My revamped banoffee tart has been turning heads at my bakery since I whipped it up for Grandma's Day. I needed something fresh that would cleverly use my leftover puff pastry. The blend of melty caramel with bananas on my crispy arlettes has honestly become a favorite among my customers.
What makes my dish special
I love playing with different textures in my kitchen. This tart is all about opposites working together. You get the crunch from my arlettes, the soft caramel, and the smooth vanilla diplomat cream. My customers can pick their favorite topping between my homemade praline or my handcrafted chocolate spread.
What you'll need
- Puff pastry: 550 g homemade, of course
- White sugar: Half the weight of your pastry
- For diplomat cream: 60 g fresh egg yolks, 60 g sugar, 250 g farm milk, 20 g cornstarch and 250 g full-fat cream
- Vanilla: 2 plump Madagascar pods
- Gelatin: 4 g for structure
- Homemade toppings: Caramel praline or chocolate spread
- Powdered sugar: For the finishing touch
Crafting perfect arlettes
- Getting the right thickness
- I roll my dough to 4 mm using sugar instead of flour as my little trick.
- The gentle fold
- I spray a bit of water, sprinkle sugar, roll it up and then stick it in the freezer for 10 minutes.
- Timing the bake
- I cut 1.5 cm slices, flatten them slightly and bake between two trays at 180°C for 10 minutes. I always peek toward the end to make sure they're perfectly golden.

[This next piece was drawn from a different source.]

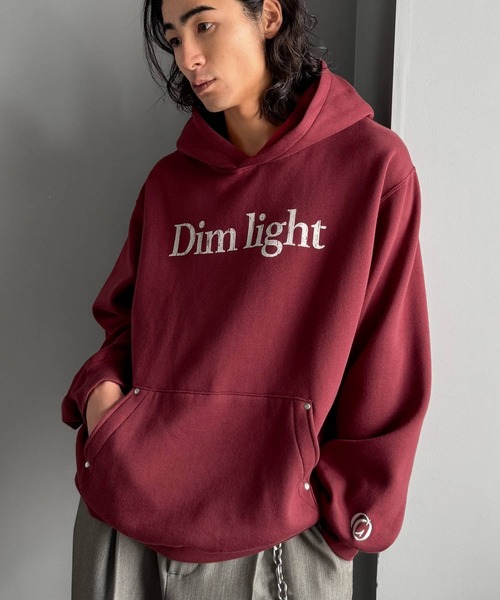 Classical Origin（クラシカルオリジン）の「「暖か素材。」裏起毛ロゴ＆スタッズ使いプルパーカー／Brushed Lining Logo＆Stud Accents Pullover Hoodie（パーカー・メンズ・ブラック/レッド/杢グレー・SMALL/MEDIUM/LARGE）」の7枚目の写真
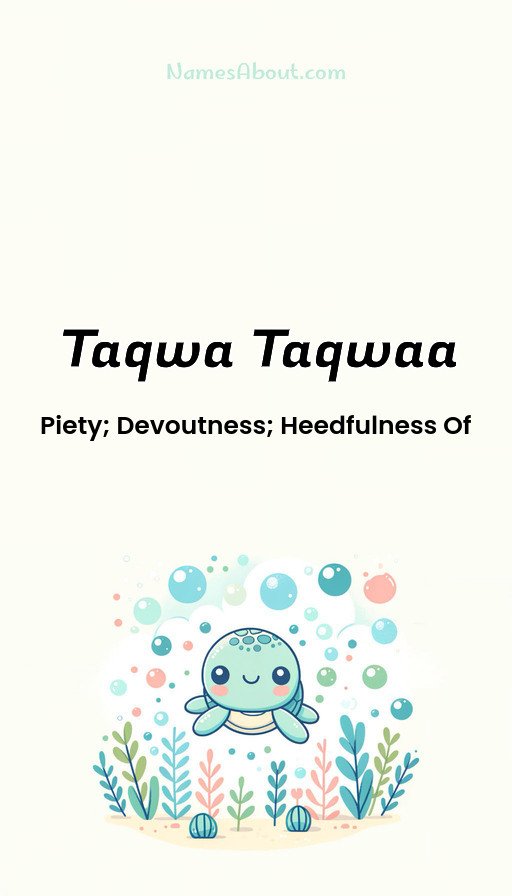 Meaning of Taqwa taqwaa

My trademark diplomat cream
- Starting with basics
- I let vanilla steep in warm milk before making my pastry cream with yolks, sugar and cornstarch. I add a bit of gelatin and chill it.
- The final element
- I whip my cold cream then gently fold it into my pastry cream for a light, airy texture.
Creating your masterpiece
- Putting layers together
- I stack my arlettes with cream and toppings in layers. Each level brings a new flavor joy.
- The beautiful finish
- A dusting of powdered sugar and it's ready to serve. I always tell people to eat it quickly so it stays crunchy.

Insider tips
I carefully save my puff pastry scraps by stacking them to keep the layers intact. Everyone can pick their favorite topping at my shop. And I always make sure the arlettes are completely cool before assembly - that's vital for getting the right texture.
Frequently Asked Questions
- → How to nail crispy biscuits?
- Roll the dough thinly and coat it well with sugar. Baking it sandwiched between two trays ensures flat, even golden biscuits.
- → Can the components be prepped early?
- Biscuits stay fresh in an airtight box if baked a day before. Vanilla diplomat cream is fine made the night before. Assemble before serving.
- → What’s the best way to pick bananas?
- Go for ripe but firm ones. They should be mostly yellow with some brown dots to ensure taste while staying intact.
- → My cream turned out runny, now what?
- Ensure the pastry cream is cold enough before adding whipped cream. Fully melt the gelatin. Let it chill for at least two hours.
- → Is freezing this dessert an option?
- You can freeze the unbaked biscuits, but don’t freeze the assembled dessert as the cream and bananas won’t hold their texture.